New Technology Makes it Possible to Charge Your Smartphone in just 30 Seconds

New Technology Makes it Possible to Charge Your Smartphone in just 30 Seconds

Currently I would have to charge my smartphones at least twice a day for it to survive through my daily use. And considering I have two of them, both with relatively big batteries, they take a lot of time to fill up and it can be really frustrating. Even with just one device.

That is the one part about smartphones that no one really likes, waiting on them to charge and not being able to do anything with them until they are fully charged.

But imagine if it could take you not one hour, not half an hour but just 30 seconds for your smartphone charge to get to 100 percent charge. No, I don’t really think you understood that so I’ll say it again, 30 seconds. That is staggering stuff!

Well come 2016 you probably could. According to a report by Reuters, an Israeli company says it has developed a technology that charge a mobile phone in 30 seconds and an electric car battery (which takes a whole night to charge to full capacity) in just minutes.

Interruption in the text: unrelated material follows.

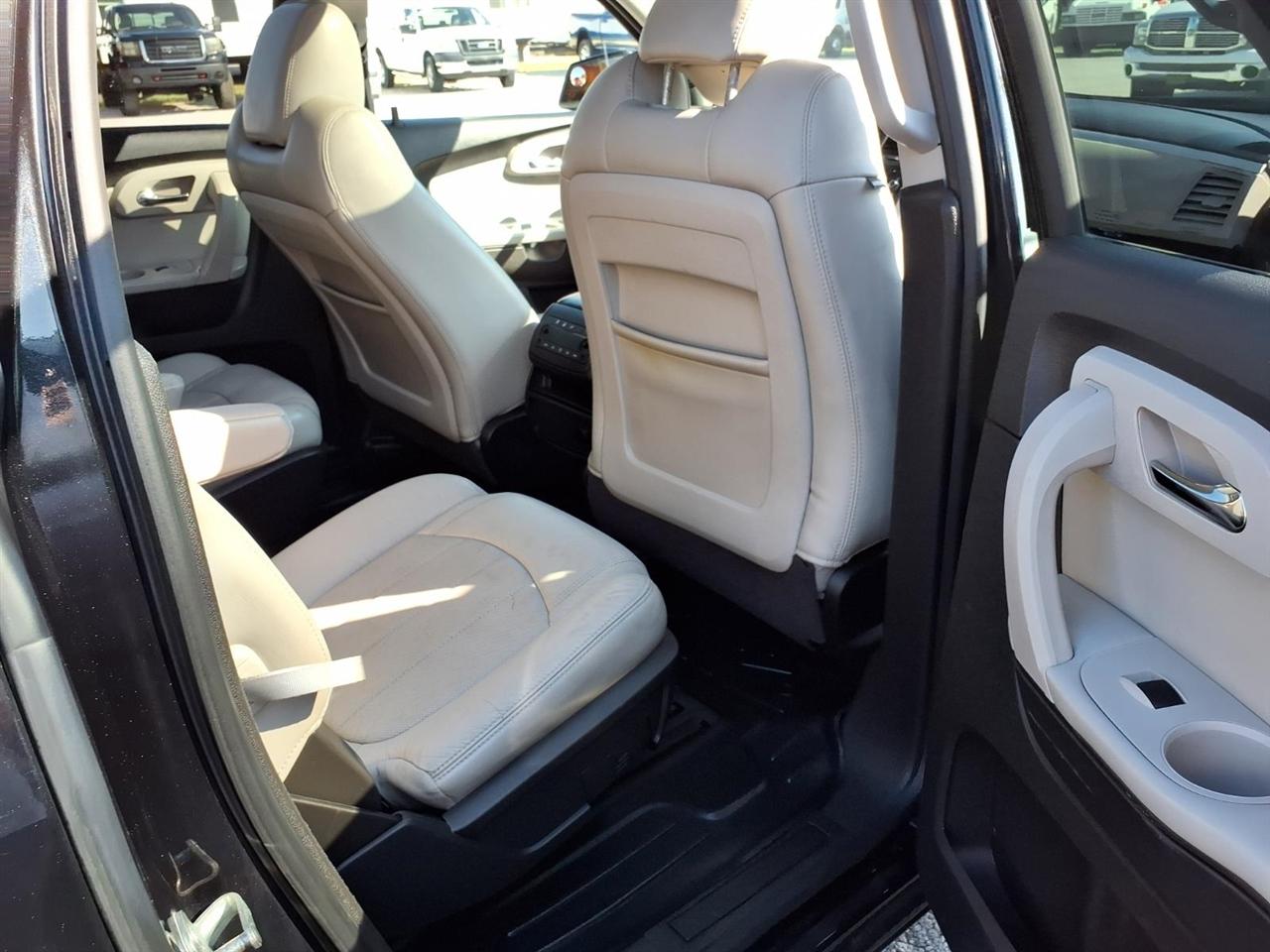 Chevrolet Traverse FWD 4dr LTZ 2012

And now to the sciency stuff. Apparently the Tel Aviv based company, StoreDot, is using some form of nano-technology to create artificial molecules called nanodots that are in turn released into a battery and allow it to store a much higher charge more quickly than the ordinary Lithium powered batteries.

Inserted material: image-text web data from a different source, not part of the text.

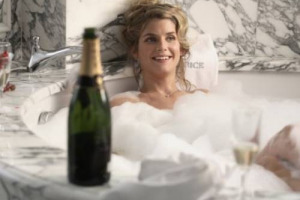 CURIOSIT&Agrave; LUNGO LA MANICA: A PARIGI &ldquo;L&rsquo;ILE DE FRANCE&rdquo; VUOLE TORNARE REGIONE VINICOLA DI PRESTIGIO COME ERA NEL &lsquo;700, QUANDO AVEVA PI&Ugrave; VIGNETI DI ALZAZIA E CHAMPAGNE. E UN ALBERGO DI LONDRA, INTANTO, INVENTA IL &ldquo;BAGNO NELLO CHAMPAGNE A LA C&Agrave;RTE&rdquo; ...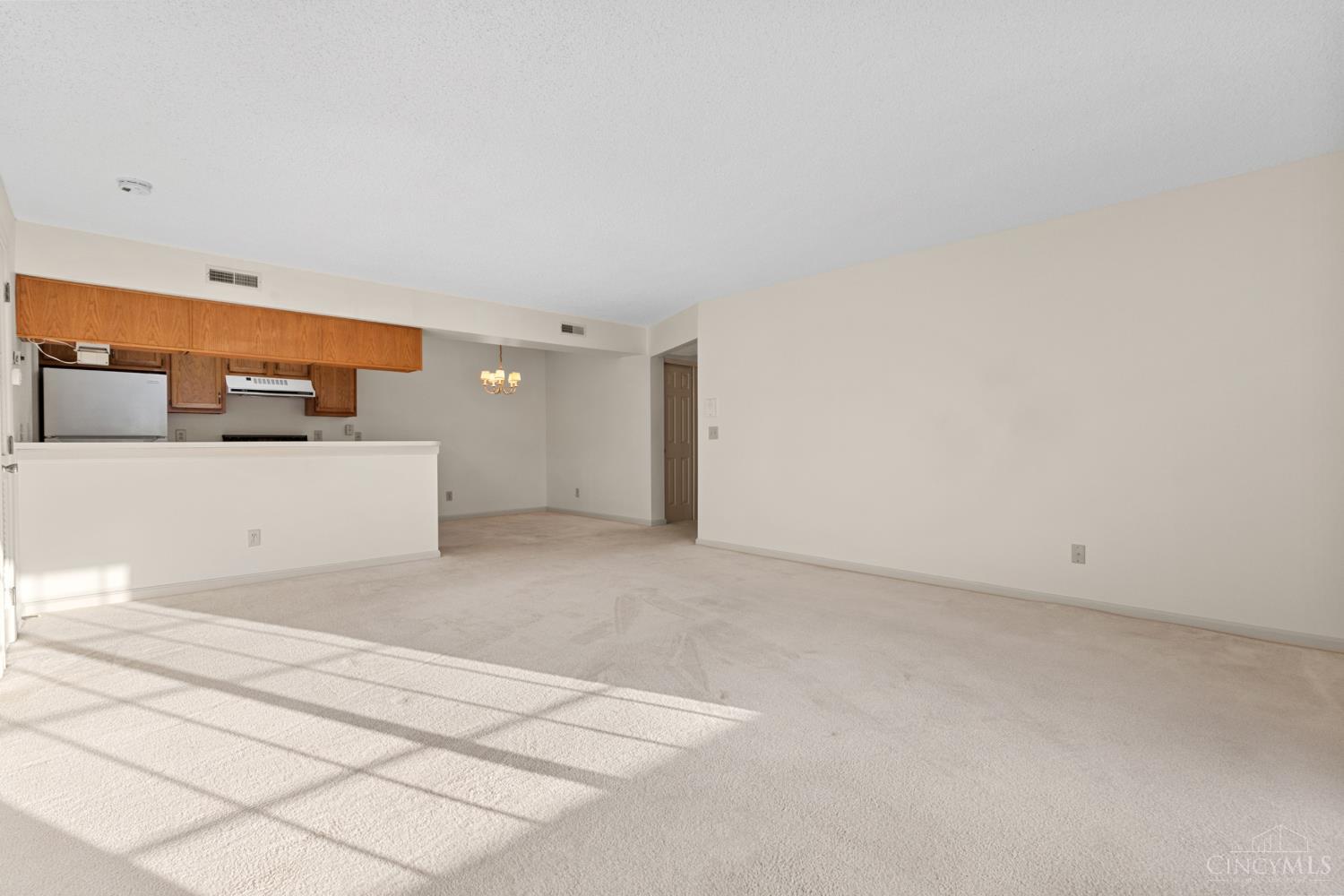 3547 Jessup Road, Unit 1A Cincinnati, OH 45239 - Photo 15 of 46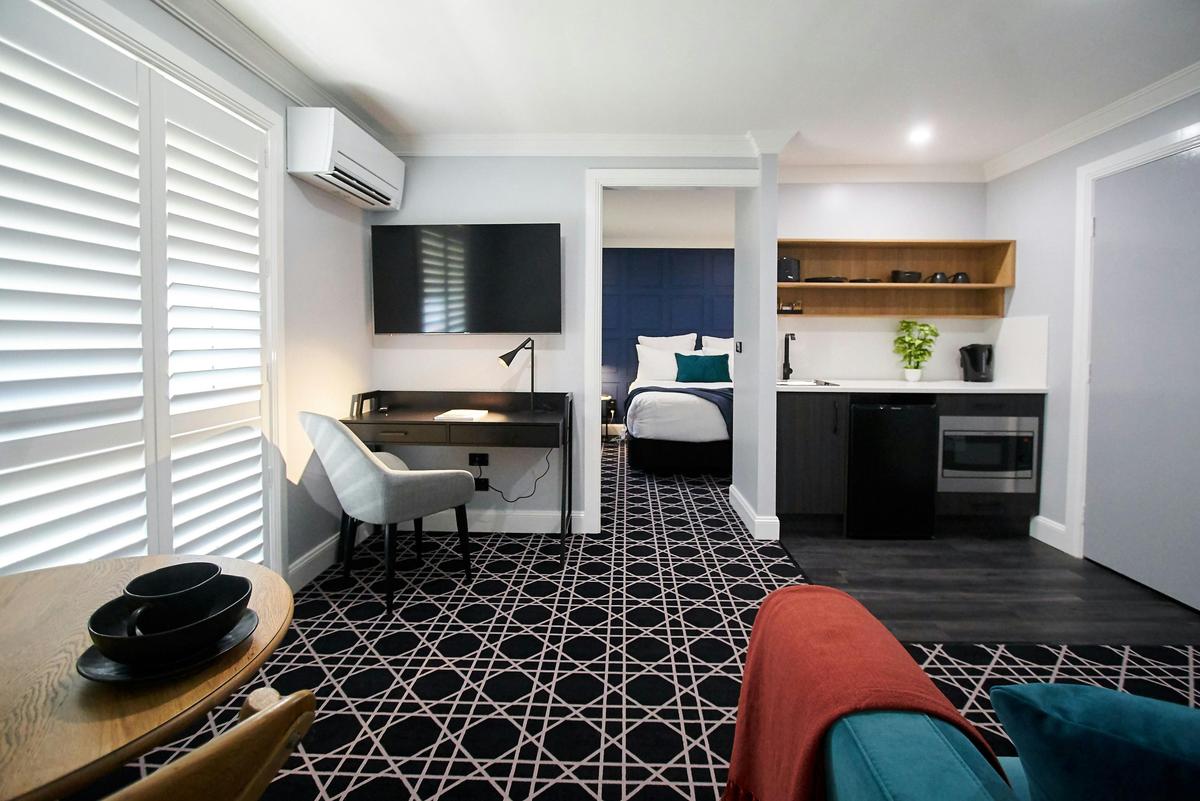 Superior King Suite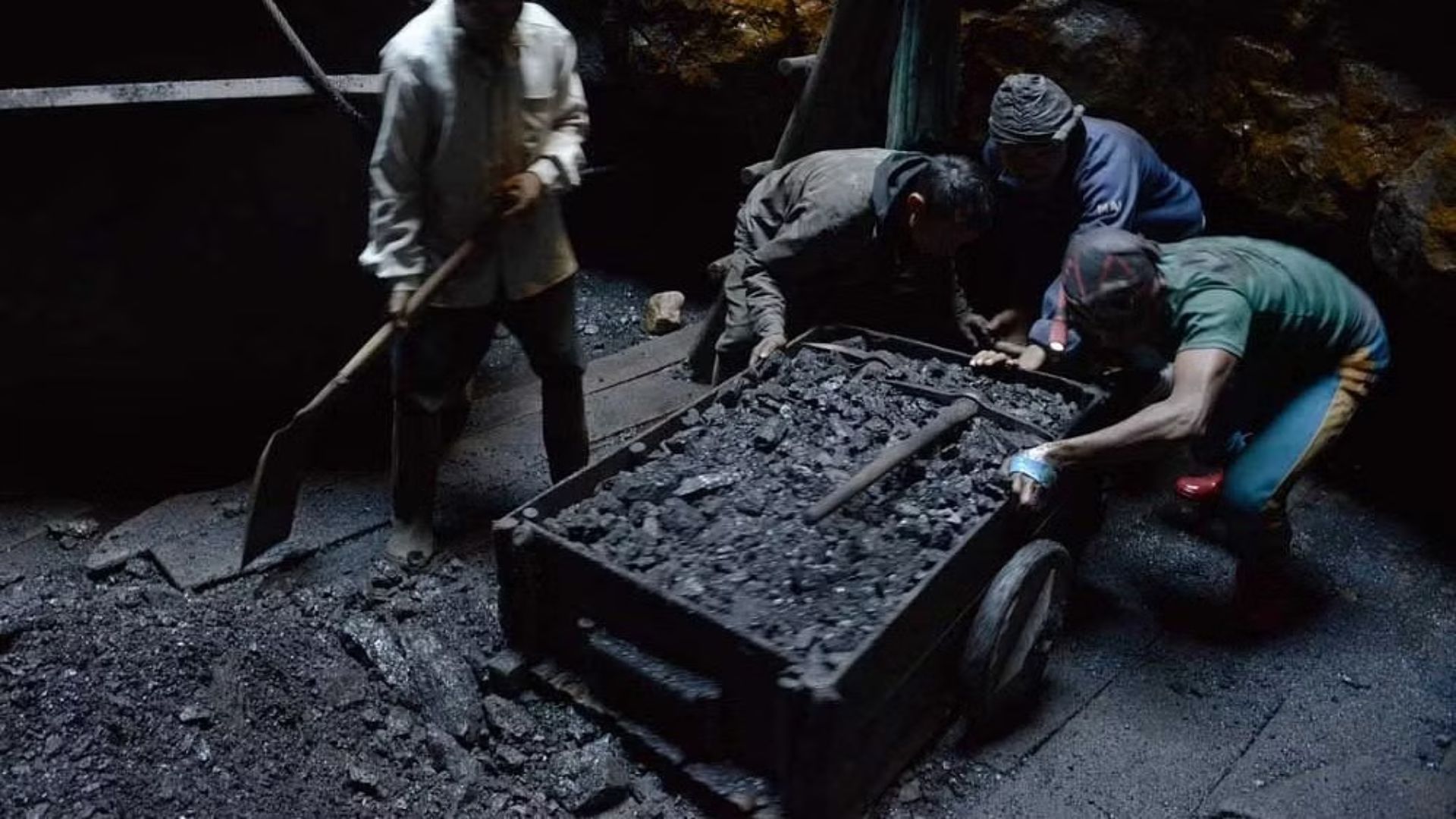 Major Accident in Assam Coal Mine, 15 Workers Trapped Due To Water Infiltration, Rescue Operation Underway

New Technology Makes it Possible to Charge Your Smartphone in just 30 Seconds

The technology was demonstrated at the 2014 Microsoft Think Next Conference in Tel Aviv earlier this year, where the prototype battery fully charged a dead Samsung Galaxy S4 in just 26 seconds. (Hold on, a Samsung at a Microsoft event?)

Right now the prototype is too bulky to be put on a mobile phone, but StoreDot believes by 2016 it will have a much slimmer battery that can absorb and deliver a day’s power for a smartphone in just 30 seconds.

“These are new materials; they have never been developed before,” said Doron Myersdorf, the founder and chief executive of StoreDot, whose investors include Russian billionaire and Chelsea soccer club owner Roman Abramovich. (Reuters)

According to Myersdorf, StoreDot has raised $48million from two rounds of funding and one of their investors also includes a leading phone maker. And though he declined to reveal the identity he said it was Asian.

Myersdorf’s prediction is that a fast-charge smartphone would cost $100 to $150 more but would last for about three years, which is much more than current smartphones in the market.

He hopes to use the same technology to create a car battery that recharges in two or three minutes, rather than current models, which commonly need to be charged overnight.